DATA EXTRACTS:
>>>>>

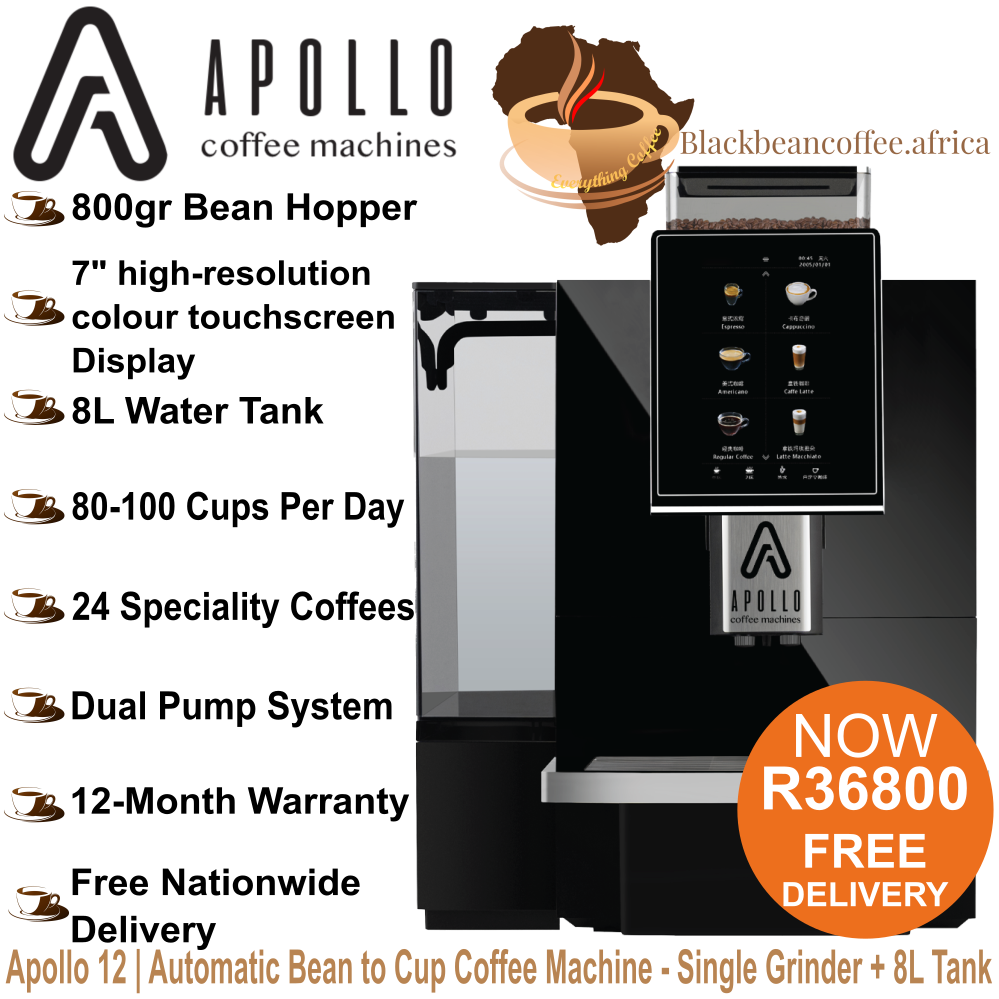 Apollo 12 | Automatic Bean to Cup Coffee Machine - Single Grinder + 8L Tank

<<<<<
>>>>>

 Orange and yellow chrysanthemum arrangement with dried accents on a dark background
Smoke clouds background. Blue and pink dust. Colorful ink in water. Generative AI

<<<<<

WHAT YOU WILL DO: Look above for the line containing "Orange and yellow" and the line containing "Smoke clouds background.". Transcribe both, with the lines between them, exactly.

RESPONSE TO THIS EXERCISE:
 Orange and yellow chrysanthemum arrangement with dried accents on a dark background
Smoke clouds background. Blue and pink dust. Colorful ink in water. Generative AI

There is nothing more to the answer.